The “PERSON”, “HE”, and “HIM” in this letter happened to be my maternal grandfather. He divorced my grandmother long before I was born, and Nan married the man I grew up knowing and loving as, my grandfather. Little did I know until my senior year of high school that (Surprise!) THAT guy wasn’t actually my “blood” grandfather. This guy in New Jersey (who never remarried and allegedly liked the occasional nookie from whores), was. Go figure. Sure I wanted him to come to my wedding. But there was my mother filling my head with the necessary commentary one needs to hear right before their big day. You know, I’m beginning to wonder if my mother (Surprise!) is really my mother…
Dementia is when the brain has deteriorated and the person cannot function rationally. So, anything he says is questionable. So, STAY AWAY from him before the wedding ’cause he’s trouble with a capital ‘T’.
I’ve tried to hire a reputable woman for him but he’d rather have his prostitutes! His friends (Frank, the barber) told me to stay away from him and concentrate on my own life. They all know he’s weird! Don’t worry. If he goes to wedding, Nan and I will gag and bind him! We’ll take care of him.
P.S. $20 is for a pizza for you and Maria.
This was written to me on May 10, 1986. It starts out normal enough, then spirals into woes about safe deposit boxes, and the terror of my “evil” UN…CLE…MI…CHAEL, (who was a constant worry for my mom.) The letter ends with 2 points every mother should pass on to their children.

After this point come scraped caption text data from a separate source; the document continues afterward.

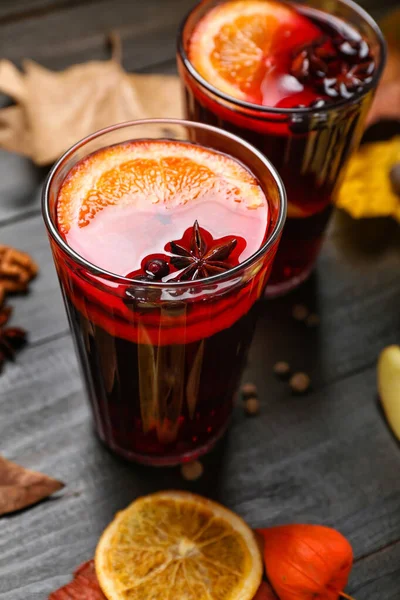 Glasses of aromatic mulled wine on dark wooden background, closeup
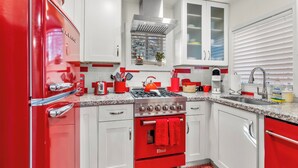 A kitchen with white cabinets, a red stove, and a red refrigerator. - Downtown Ruby Red Bungalow w/AC, Fully Fenced Yard, W/D, 2 Smart TVs, Fast WiFi (Flagstaff)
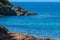 Seashore coastline with cliff and rocks on a mountain slope. Blue sea of the Island of Elba in Italy in the Tuscany region.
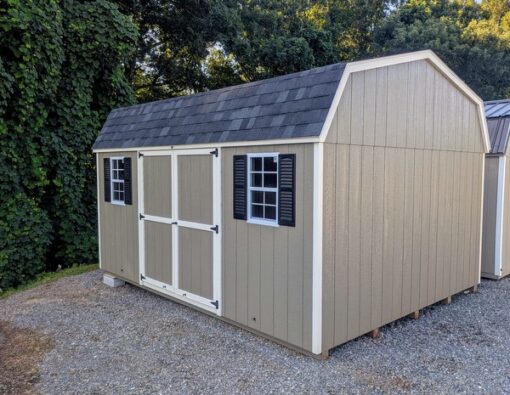 12 x 16 size painted high barn style shed with clay siding, pearl trim, black architectural shingle roof, black shutters, (1) 8' ridge vent, ggs 6 foot double doors, two windows.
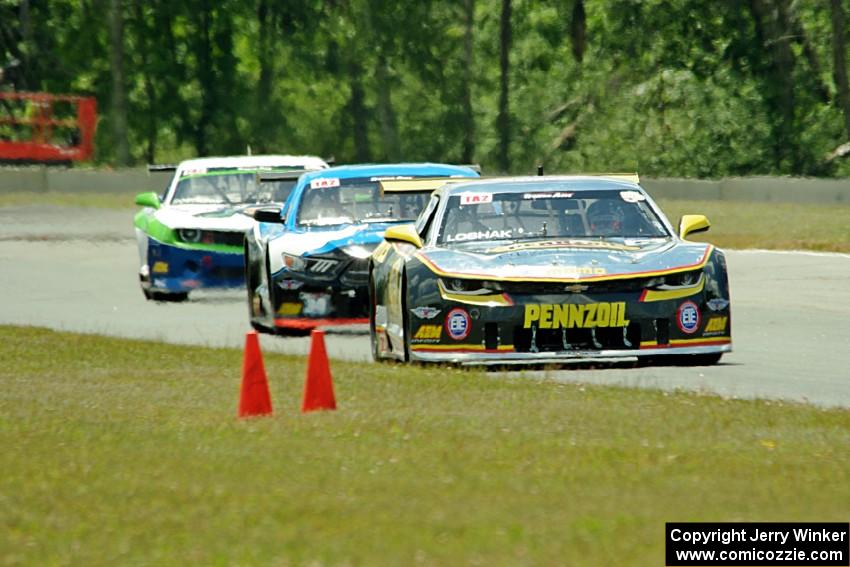 Lawrence Loshak's Chevy Camaro, Tony Buffomante's Ford Mustang and Gar Robinson's Chevy Camaro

Inappropriate? Yes. Entertaining? Perhaps. Mortifying? You KNOW it. I submit to you, your Honor, exhibit #392,410:
Enclosed find payment that has to be made to National Direct Student Loan. Also enclosed is a check for $50 to help with it.
Benny sent me a birthday card. Wasn’t that nice?
Nan had given me the key to her safe-deposit box before she left. When she came back I went to give her the key which was supposed to be in the envelope. I hadn’t opened it to look inside when she gave it to me. As it turns out, there was nothing inside of the envelope. No key. Michael probably took it before he left to go out of town.
Just be advised that he is a thief! Do not allow him in your apartment at any time! Forewarned is forearmed. He probably took out whatever she had in that safe deposit box. Nan claims that she probably misplaced the key! Naturally, she defends him. Listen to me…
1. Don’t drink rain-water.
2. There’s a resistant form of gonorrhea going around. Use a condom.